**Prompt**
Please return the lines of the data below, word for word, from the first line through the line containing "17mm CrV 6402M17".

▼

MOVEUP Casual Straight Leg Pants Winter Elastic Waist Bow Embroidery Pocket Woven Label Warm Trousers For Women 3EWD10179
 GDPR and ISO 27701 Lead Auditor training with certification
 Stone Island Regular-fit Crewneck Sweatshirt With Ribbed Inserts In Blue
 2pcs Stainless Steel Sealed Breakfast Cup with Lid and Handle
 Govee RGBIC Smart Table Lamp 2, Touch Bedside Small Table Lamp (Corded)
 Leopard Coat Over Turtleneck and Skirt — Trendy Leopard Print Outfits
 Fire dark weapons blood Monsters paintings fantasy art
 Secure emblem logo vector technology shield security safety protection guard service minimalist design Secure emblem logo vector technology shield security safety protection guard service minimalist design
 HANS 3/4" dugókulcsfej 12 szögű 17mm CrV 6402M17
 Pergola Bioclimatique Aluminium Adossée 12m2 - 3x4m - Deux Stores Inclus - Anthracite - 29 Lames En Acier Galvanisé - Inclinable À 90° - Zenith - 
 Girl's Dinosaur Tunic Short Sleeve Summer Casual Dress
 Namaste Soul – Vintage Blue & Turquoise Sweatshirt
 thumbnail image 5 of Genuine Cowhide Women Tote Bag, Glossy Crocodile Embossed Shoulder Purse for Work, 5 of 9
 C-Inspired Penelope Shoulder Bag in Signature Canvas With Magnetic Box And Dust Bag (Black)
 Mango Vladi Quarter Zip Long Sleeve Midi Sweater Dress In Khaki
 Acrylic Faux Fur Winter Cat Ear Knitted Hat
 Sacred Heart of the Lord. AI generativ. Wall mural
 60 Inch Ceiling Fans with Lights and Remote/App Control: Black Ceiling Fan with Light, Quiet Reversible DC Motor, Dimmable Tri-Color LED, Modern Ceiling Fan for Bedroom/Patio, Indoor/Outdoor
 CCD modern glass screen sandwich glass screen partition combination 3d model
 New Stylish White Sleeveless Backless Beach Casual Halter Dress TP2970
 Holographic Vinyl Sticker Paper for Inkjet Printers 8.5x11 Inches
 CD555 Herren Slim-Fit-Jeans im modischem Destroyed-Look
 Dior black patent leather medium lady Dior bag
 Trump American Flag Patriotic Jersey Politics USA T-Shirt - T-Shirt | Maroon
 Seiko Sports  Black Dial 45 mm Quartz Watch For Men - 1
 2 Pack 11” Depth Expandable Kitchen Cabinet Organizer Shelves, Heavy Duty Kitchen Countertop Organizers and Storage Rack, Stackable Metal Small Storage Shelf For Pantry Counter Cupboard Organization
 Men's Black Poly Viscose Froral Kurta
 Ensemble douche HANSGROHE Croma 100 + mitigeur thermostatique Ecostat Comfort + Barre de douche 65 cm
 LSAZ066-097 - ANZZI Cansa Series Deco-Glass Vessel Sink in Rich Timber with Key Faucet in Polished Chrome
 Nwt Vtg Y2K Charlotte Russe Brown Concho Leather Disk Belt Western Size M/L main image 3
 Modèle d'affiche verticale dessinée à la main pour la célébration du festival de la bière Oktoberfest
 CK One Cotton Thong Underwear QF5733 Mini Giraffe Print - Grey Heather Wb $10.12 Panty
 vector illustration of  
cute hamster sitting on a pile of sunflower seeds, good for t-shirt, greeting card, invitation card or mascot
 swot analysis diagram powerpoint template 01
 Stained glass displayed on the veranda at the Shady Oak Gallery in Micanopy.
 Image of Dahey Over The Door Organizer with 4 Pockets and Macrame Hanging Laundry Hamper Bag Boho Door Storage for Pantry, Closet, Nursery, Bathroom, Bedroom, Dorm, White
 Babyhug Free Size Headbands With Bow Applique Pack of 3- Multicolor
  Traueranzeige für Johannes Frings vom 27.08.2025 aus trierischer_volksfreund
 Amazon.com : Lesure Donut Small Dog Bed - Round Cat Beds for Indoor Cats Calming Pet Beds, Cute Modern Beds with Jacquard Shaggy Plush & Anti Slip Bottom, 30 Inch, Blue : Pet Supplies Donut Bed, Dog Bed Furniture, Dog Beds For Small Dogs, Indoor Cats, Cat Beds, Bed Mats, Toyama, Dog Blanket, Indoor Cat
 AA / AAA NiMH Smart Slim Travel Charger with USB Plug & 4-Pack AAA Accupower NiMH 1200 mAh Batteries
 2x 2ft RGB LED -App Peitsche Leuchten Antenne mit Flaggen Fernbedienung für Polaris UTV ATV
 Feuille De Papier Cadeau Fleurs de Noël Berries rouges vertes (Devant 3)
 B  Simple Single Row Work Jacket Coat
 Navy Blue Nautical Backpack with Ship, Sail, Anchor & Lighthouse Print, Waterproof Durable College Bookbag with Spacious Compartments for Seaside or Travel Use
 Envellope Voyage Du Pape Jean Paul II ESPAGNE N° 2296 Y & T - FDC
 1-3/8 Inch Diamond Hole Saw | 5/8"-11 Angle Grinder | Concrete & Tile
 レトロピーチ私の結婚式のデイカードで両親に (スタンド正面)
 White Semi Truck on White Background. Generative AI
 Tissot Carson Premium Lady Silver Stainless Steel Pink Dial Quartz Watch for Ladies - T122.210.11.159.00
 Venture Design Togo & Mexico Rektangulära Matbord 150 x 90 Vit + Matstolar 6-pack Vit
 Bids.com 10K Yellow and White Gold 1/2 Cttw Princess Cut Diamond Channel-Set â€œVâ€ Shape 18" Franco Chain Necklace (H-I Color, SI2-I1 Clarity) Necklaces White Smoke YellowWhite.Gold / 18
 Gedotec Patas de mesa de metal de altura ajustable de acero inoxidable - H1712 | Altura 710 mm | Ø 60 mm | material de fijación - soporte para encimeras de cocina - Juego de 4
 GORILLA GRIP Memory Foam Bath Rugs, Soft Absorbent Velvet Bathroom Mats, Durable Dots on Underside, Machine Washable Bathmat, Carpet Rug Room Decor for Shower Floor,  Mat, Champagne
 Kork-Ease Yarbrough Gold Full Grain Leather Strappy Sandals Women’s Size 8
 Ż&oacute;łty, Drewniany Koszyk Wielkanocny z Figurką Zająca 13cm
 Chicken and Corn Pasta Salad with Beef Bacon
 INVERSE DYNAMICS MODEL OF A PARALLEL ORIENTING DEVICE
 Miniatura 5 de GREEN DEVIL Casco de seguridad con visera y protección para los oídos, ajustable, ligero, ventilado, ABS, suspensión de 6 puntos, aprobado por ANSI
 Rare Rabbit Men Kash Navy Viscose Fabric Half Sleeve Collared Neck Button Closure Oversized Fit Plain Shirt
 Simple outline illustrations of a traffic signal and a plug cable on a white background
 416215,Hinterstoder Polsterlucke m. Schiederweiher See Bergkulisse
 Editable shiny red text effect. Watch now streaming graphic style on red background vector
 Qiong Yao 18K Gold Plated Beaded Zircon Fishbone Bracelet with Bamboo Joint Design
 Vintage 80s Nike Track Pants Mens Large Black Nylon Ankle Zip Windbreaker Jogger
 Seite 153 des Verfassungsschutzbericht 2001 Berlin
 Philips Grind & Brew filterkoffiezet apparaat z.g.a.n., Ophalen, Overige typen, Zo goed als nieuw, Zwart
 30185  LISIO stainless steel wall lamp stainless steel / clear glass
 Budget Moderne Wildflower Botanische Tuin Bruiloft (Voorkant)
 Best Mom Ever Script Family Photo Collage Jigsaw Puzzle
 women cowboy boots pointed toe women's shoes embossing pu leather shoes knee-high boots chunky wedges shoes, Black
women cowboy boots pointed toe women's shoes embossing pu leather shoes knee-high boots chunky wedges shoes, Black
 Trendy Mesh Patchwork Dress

▲

**Answer space**
MOVEUP Casual Straight Leg Pants Winter Elastic Waist Bow Embroidery Pocket Woven Label Warm Trousers For Women 3EWD10179
 GDPR and ISO 27701 Lead Auditor training with certification
 Stone Island Regular-fit Crewneck Sweatshirt With Ribbed Inserts In Blue
 2pcs Stainless Steel Sealed Breakfast Cup with Lid and Handle
 Govee RGBIC Smart Table Lamp 2, Touch Bedside Small Table Lamp (Corded)
 Leopard Coat Over Turtleneck and Skirt — Trendy Leopard Print Outfits
 Fire dark weapons blood Monsters paintings fantasy art
 Secure emblem logo vector technology shield security safety protection guard service minimalist design Secure emblem logo vector technology shield security safety protection guard service minimalist design
 HANS 3/4" dugókulcsfej 12 szögű 17mm CrV 6402M17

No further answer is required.